The off-licence opposite my office, City Wines on Old Street, is always worth popping into. They have a small but well selected collection of goodies from the UK, US and further afield, including some local breweries like Kernel and Redchurch. I go in about twice a week to check on fresh deliveries of Kernel and see if they have made any good purchases from abroad, which they usually have, but none more so than last week. Seeing 3 Bear Republic beers, including Racer 5 at £2.50, is about the best thing one can do upon leaving work. One of my favourite beers in the world, this is well worth the money and I urge anyone in the area to go get some. There will almost certainly be none left though, as despite the store’s insistence on 2 per customer, my cunning disguises have allowed me to break this rule several times over.

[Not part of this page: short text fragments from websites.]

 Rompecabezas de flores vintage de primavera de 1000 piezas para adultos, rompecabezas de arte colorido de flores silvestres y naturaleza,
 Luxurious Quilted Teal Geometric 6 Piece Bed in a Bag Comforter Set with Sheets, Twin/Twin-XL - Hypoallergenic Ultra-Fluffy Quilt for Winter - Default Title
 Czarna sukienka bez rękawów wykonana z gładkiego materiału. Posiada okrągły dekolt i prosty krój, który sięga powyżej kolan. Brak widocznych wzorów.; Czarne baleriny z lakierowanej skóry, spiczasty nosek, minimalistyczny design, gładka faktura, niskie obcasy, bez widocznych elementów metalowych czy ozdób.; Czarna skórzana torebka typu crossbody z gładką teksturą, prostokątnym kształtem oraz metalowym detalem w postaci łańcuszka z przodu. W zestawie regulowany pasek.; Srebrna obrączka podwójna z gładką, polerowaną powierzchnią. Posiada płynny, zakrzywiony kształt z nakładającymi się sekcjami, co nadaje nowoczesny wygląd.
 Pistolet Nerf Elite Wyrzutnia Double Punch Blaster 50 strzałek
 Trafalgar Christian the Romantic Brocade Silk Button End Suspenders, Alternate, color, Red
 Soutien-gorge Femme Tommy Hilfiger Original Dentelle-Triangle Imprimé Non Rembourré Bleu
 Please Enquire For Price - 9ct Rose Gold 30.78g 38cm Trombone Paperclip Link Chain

Racer pours pale gold, with a thin foamy head which comes and goes throughout the beer. The aroma is slightly diminished after the long journey from California, but still offers a sweet shop scent, floral and sherberty with mango and strawberry jam hiding in the background. Taste wise it delivers all the things I want from a 7% IPA - sweet with ripe orange and tangerine, a bit of mango, and chewy, indulgent caramel up front. It moves to pithy, lemon, lime and grapefruit, and then into piney, resinous depth. A herbal, flinty character bridges the gap from this into creeping, intense bitterness which envelops the palate and grips all the way to the teeth, leaving you no choice but to delve back for the sweet fruit you were wallowing in seconds ago but which seems a distant memory now. It is utterly drinkable and retains a fresh, clean and lively quality throughout which belies its high strength and dictates that one is not enough.

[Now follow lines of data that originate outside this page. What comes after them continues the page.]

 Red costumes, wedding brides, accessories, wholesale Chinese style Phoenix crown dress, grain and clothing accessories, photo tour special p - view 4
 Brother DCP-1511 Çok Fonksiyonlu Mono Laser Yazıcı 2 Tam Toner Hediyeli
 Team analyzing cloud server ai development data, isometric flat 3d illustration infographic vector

Red Rocket Ale had me in less of a love struck daze but was still good. Reddy brown, almost purple in colour, it smells of citrus, red fruit, sugar and booze, like crepes Suzette and a cherry pie. It tastes big, boozy and sweet, with biscuits, caramel, and nutty the most prominent words in my notebook. Surprisingly, it was refreshing and easy to drink, the sugar balanced by an aggressively bitter finish.
Then Hop Rod Rye appeared, chocolate brown and a big lush head, an alluring perfume of sweet tea and sherry - a good finish to the night. Candy sugar, slightly tart raisins, lemony tea, a depth that reminded me of nutty Oloroso sherry, and a barrel load of hops. It rarely happens, but it was a bit too bitter for me.
10 quid’s worth of drinking and worth every penny – I’m going back tomorrow and I hope the girl behind the counter doesn’t recognise me.